Faire advenir le futur : c’est à notre portée ! (BAnQ 1)

Ici et là, dans tous les secteurs, cultures et systèmes, de nouvelles façons de fonctionner émergent plus respectueuses de l’humain et des besoins de notre époque. Ces avancées sont précieuses et il est important de les faire connaître.

En voici une de taille : depuis le 14 décembre 2020 une évolution notable des façons de faire est en place au service de l’abonnement et de l’emprunt de la Grande Bibliothèque. Cet accomplissement souligne l’intérêt de compter sur toutes les intelligences (note 1). Il s’agit de mieux travailler avec les partenaires externes mais aussi les « membres » de la bibliothèque (note 2), c'est-à-dire ceux et celles à qui la bibliothèque s’adresse dont – c’est important de le réaliser jusqu’au bout - les employés eux-mêmes font partie.

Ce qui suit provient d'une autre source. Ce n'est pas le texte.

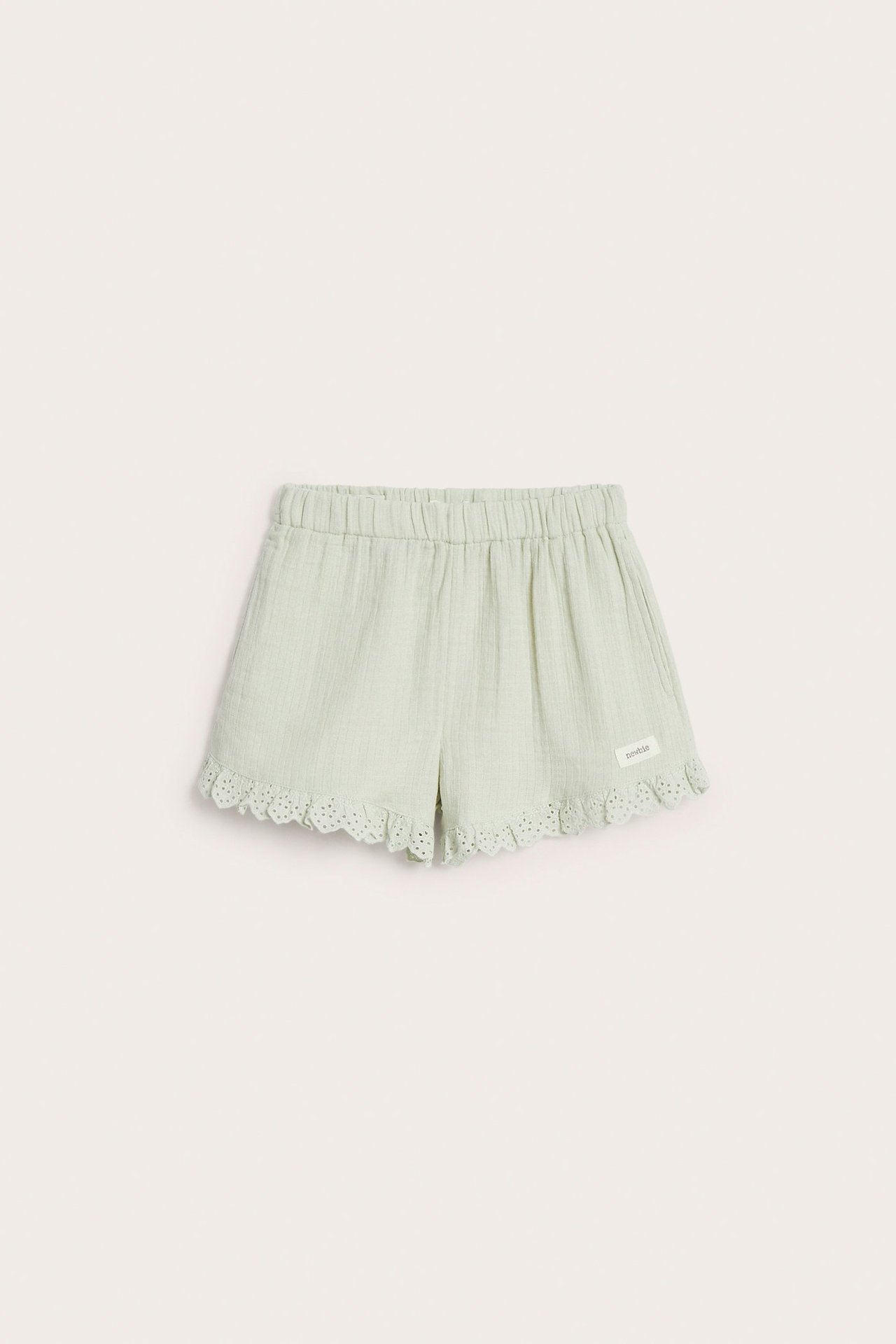 Vorderansicht von hellgrünen gewebten Baumwollshorts mit elastischem Bund und Spitzenvolant am Beinabschluss.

L’équipe de près de 50 personnes de ce service de la Grande Bibliothèque avait l’habitude, depuis des années, de fonctionner selon une grille complexe d’assignations gérée au quart d’heure. L’horaire des 33 commis permanents de l’équipe était ainsi entièrement quadrillé du matin au soir ne laissant que bien peu d’initiatives à des employés pourtant hautement expérimentés et qualifiés. Cette situation était le reflet de la difficulté de gérer des flux vraiment très importants de documents mais aussi et surtout l’héritage de la culture très hiérarchisée de ce vaisseau amiral des bibliothèques publiques qui compte plusieurs centaines d’employés et de nombreux niveaux d’encadrement. La situation inédite de la pandémie a ouvert une brèche prometteuse dans l’ordre habituel des choses. Voici comment s’est passée cette évolution remarquable et la découverte de ses nombreux avantages.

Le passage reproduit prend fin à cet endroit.